▶ [The input]:
------------------------------------------------
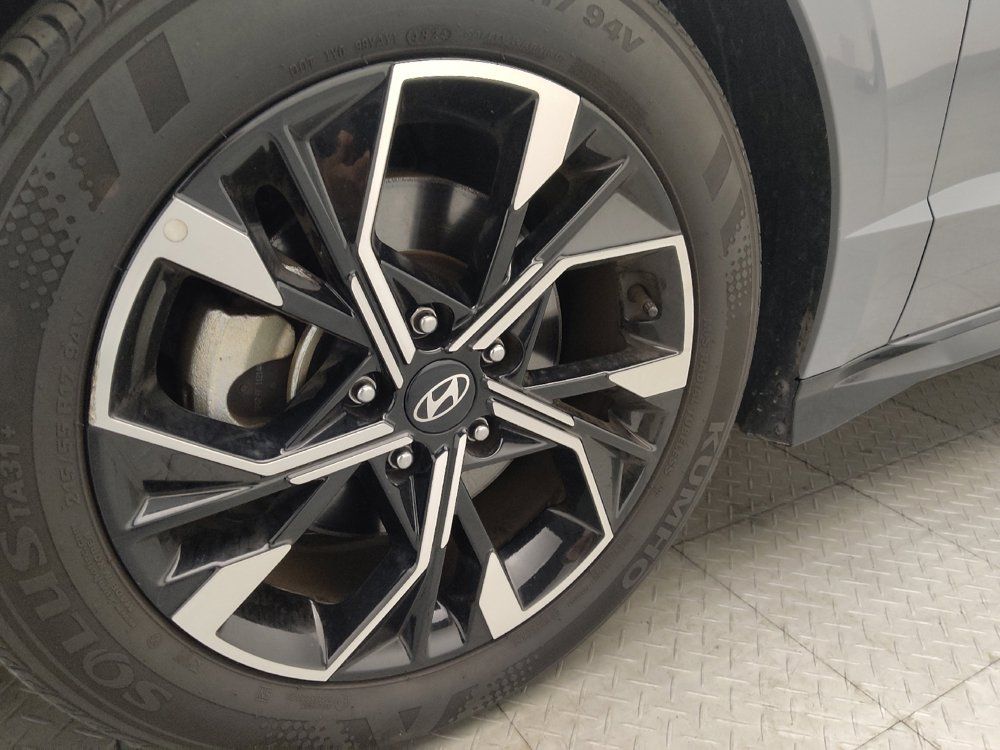 Used 2025 Hyundai Sonata SEL FWD image 31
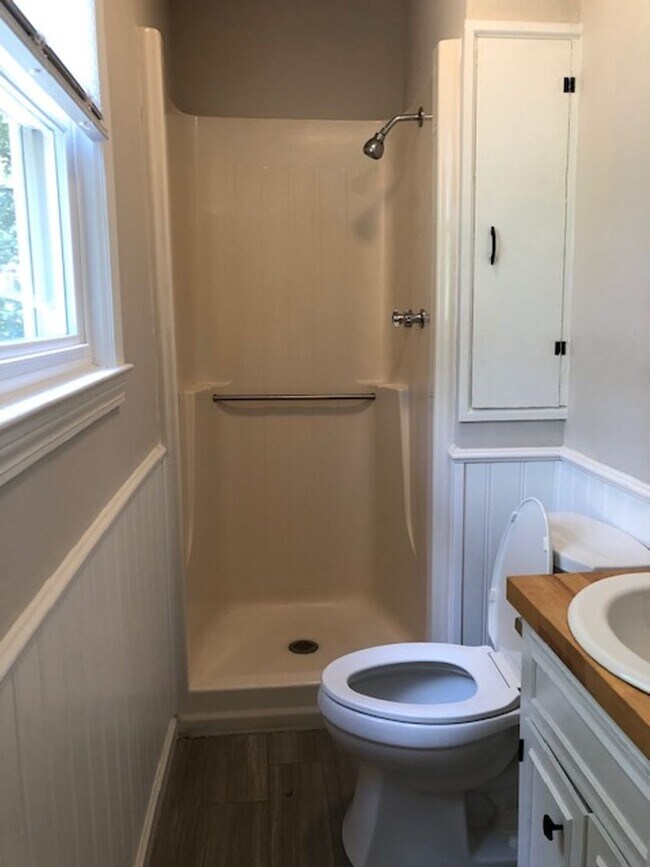 Building Photo - Travelers Rest !! 3 BR, 2 BA with Great Living Space - Den, Bonus Room, Primary Suite has a HUGE ...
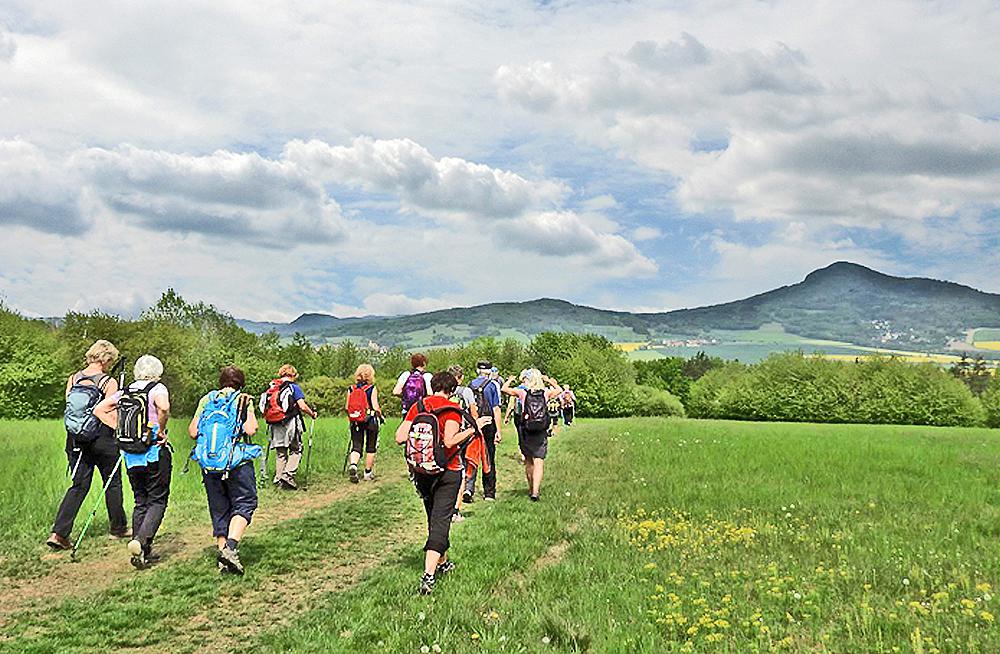 �ste�t� turist� m��� k vrchu Sedlo v �esk�m st�edoho��.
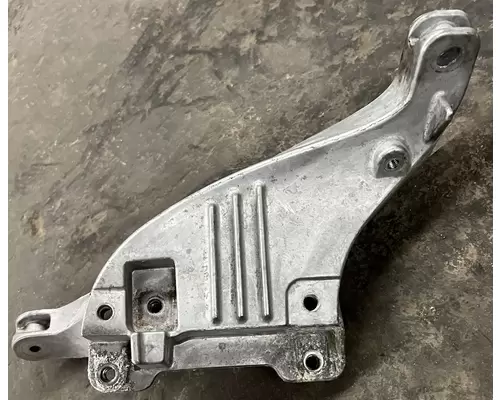 PETERBILT 567 Air Cleaner, Bracket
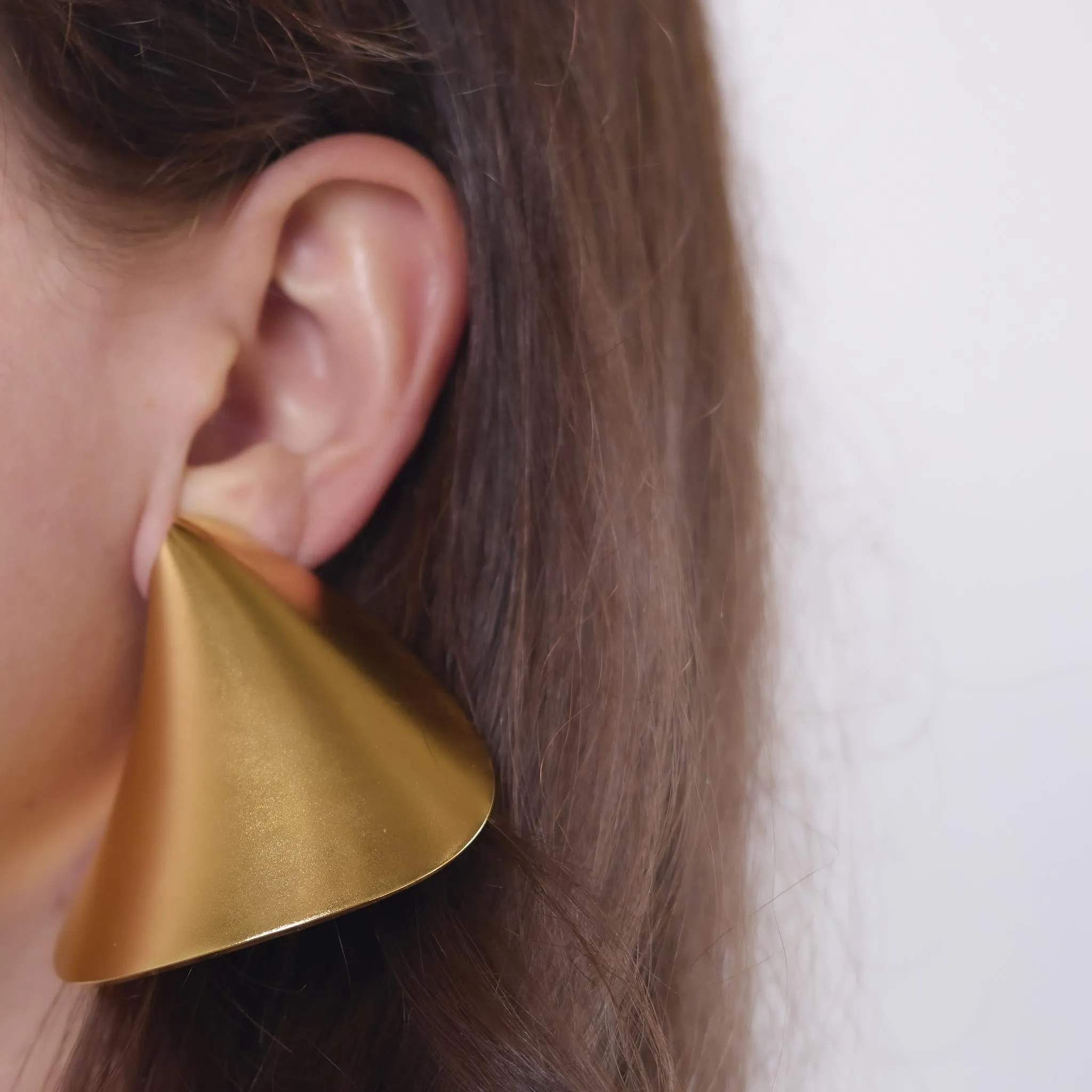 JAR Paris aluminum and 18k yellow gold "Valerie" cone earrings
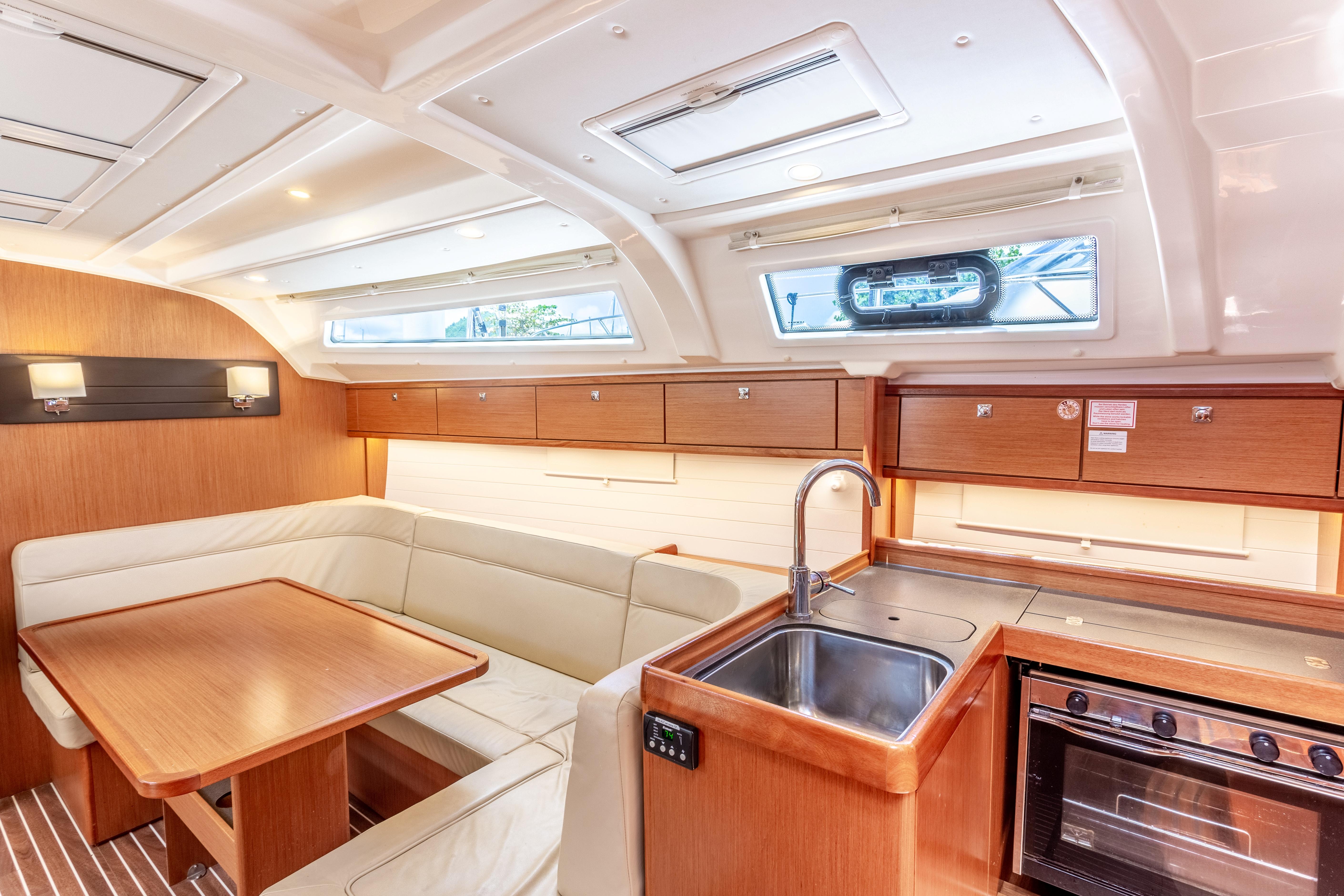 2018 Bavaria Cruiser 41 for sale (photo 11)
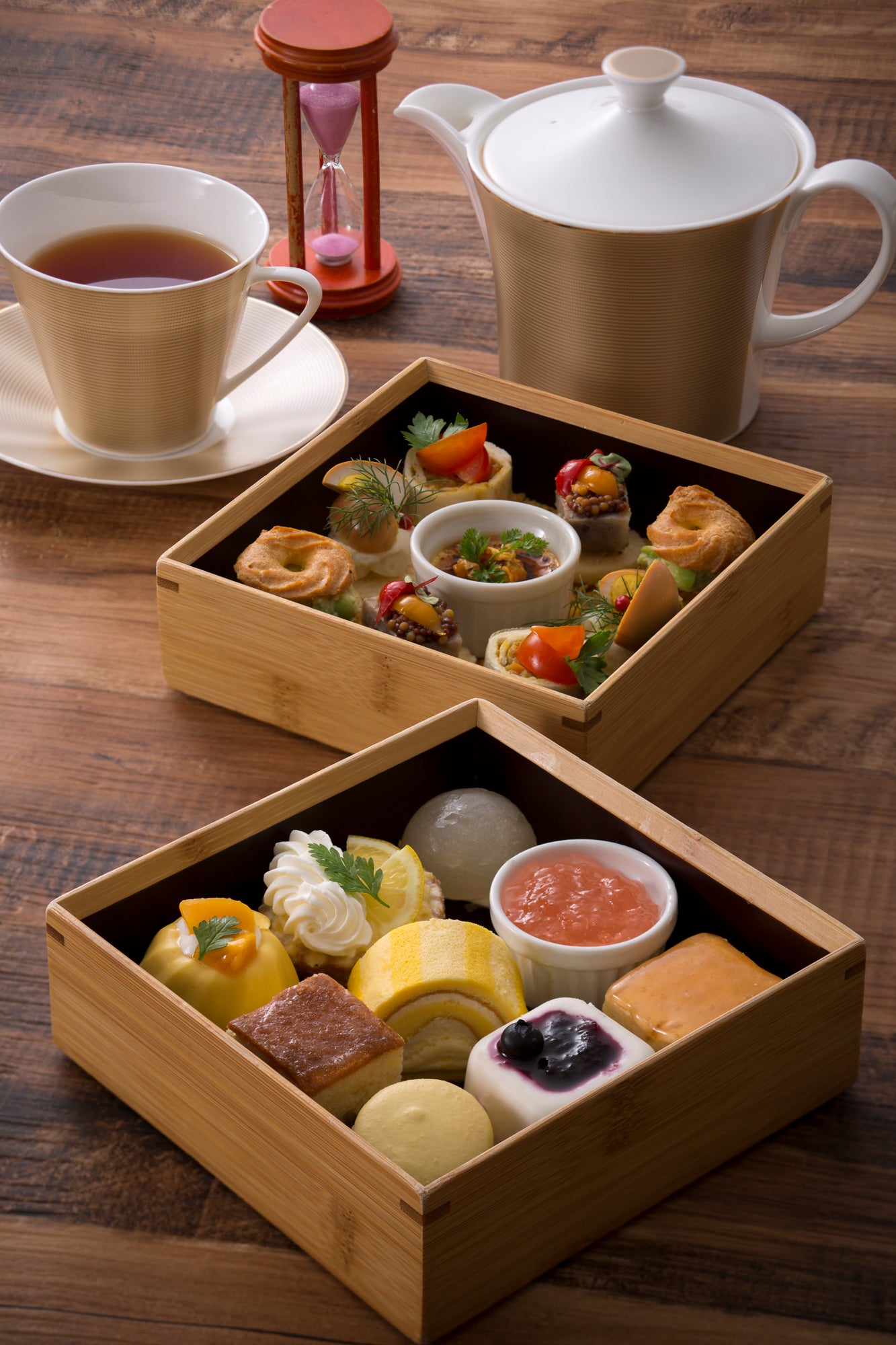 真夏のアフタヌーンティーセット　イメージ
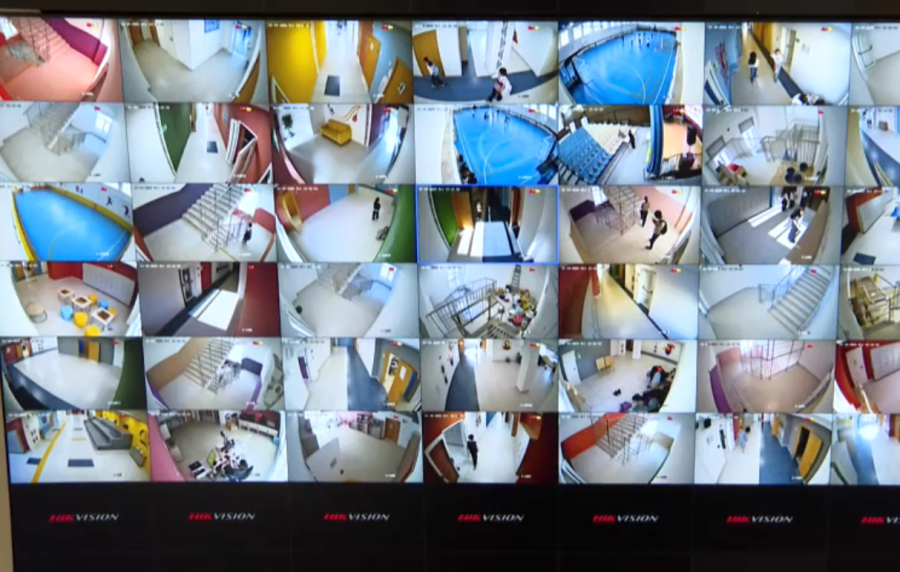 Камеры с ИИ выявляют буллинг в школах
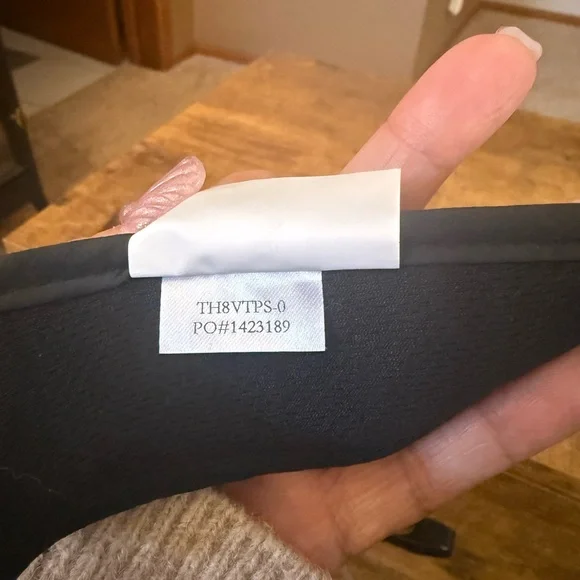 Titleist Black Visor with White Logo - Picture 6 of 6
------------------------------------------------
▶ [Exercise requirements]:
Leave the pictures out, then print every entry exactly as it reads.

▶ [Exercise result]:
 Used 2025 Hyundai Sonata SEL FWD image 31
 Building Photo - Travelers Rest !! 3 BR, 2 BA with Great Living Space - Den, Bonus Room, Primary Suite has a HUGE ...
 �ste�t� turist� m��� k vrchu Sedlo v �esk�m st�edoho��.
 PETERBILT 567 Air Cleaner, Bracket
 JAR Paris aluminum and 18k yellow gold "Valerie" cone earrings
 2018 Bavaria Cruiser 41 for sale (photo 11)
 真夏のアフタヌーンティーセット　イメージ
 Камеры с ИИ выявляют буллинг в школах
 Titleist Black Visor with White Logo - Picture 6 of 6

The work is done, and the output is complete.